Magnetic dipole emission enhancement of rare-earth metal ions has been investigated in resonant plasmonic [36–40] and dielectric [41,42] nanostructures. Thus, we further investigated how the enhancement due to the magnetic resonance influences a perfect dipole (without nonradiative decays). To do this, first we placed a broadband magnetic dipole source centrally, at the distance Δz=-10 nm under the nanoantenna, and monitored the power emitted in the positive z half-space, as illustrated in Fig. 3(a); θ and φ are the emission cone half-angle, and azimuthal angle, respectively. In this way, we investigated how the total power spectrum changes with the change of the VO₂ phase; the results have been calculated as T·P_source (See Appendix C). As expected, only the y-oriented dipoles spectrally follow the resonances seen in the absorption and magnetic field, Fig. 3(b). Since the emission contrast between the two states arises from the sum of the three dipole orientations, the emission of x-oriented dipoles will eventually lower the overall contrast, while the emission of z-oriented dipoles is negligible.
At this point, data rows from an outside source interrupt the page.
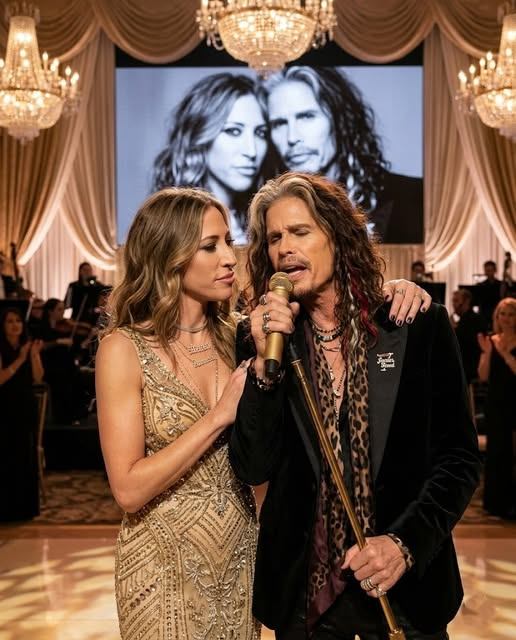 ❤️ A NIGHT THAT TOOK EVERYONE BY SURPRISE: Steven Tyler Delivers Hauntingly Emotional “Dream On” Performance
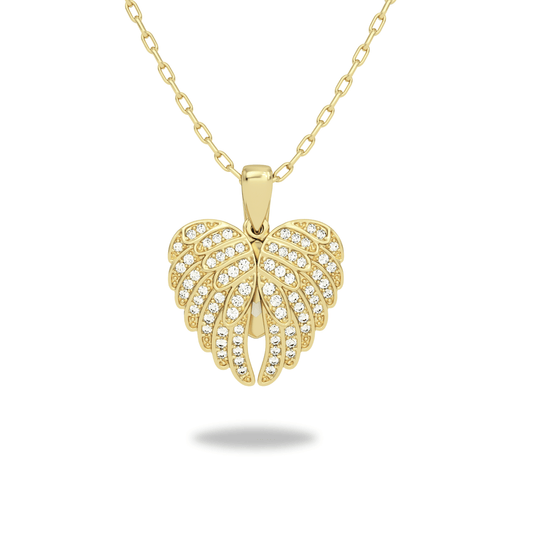 RICCARDI - COLLIER "My Angel" - Paw - Riccardi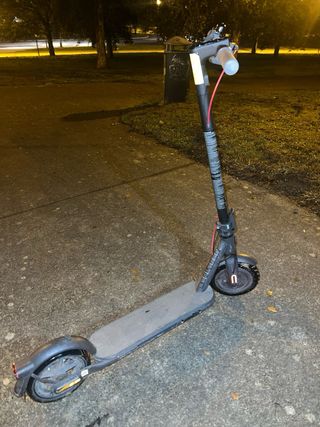 Patinete Eléctrico Xiaomi 4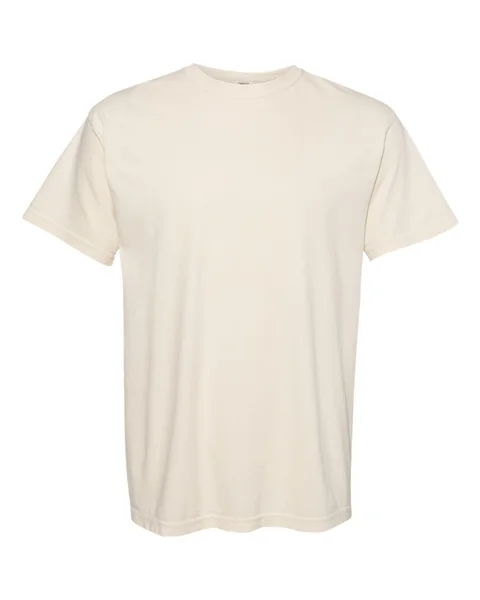 Comfort Colors 1717 tee in Ivory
It is worth noting that if we change the dipole type from magnetic to electric, the resonance is expected for the dipole orientation along the electric field, i.e. in x direction: indeed, we note some resonant behavior in both states for x-oriented electric dipoles, Fig. 3(c).

 

Fig. 3. (a) Sketch of the dipole excitation simulations. θ and φ are the emission cone half-angle, and azimuthal angle, respectively. (b-c) Spectra of the total power emitted to z⁺ far-field for the two VO₂ states, for different dipole orientations of a dipole located at the center (Δx=Δy = 0 nm), at Δz=-10 nm, for (b) magnetic dipole; (c) electric dipole.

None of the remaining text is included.